▶ INSTRUCTIONS FOR THE TASK: Locate "Springtime In White" in the listing below, then output the line holding it and every line after it, exactly and with nothing else.
═════ INFORMATION SHOWN
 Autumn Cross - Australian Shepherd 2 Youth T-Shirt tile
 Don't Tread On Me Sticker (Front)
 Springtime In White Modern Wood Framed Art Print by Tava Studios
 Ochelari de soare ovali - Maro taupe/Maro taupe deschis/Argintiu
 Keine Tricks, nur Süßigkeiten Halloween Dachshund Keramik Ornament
══════════
▶ RESPONSE:
 Springtime In White Modern Wood Framed Art Print by Tava Studios
 Ochelari de soare ovali - Maro taupe/Maro taupe deschis/Argintiu
 Keine Tricks, nur Süßigkeiten Halloween Dachshund Keramik Ornament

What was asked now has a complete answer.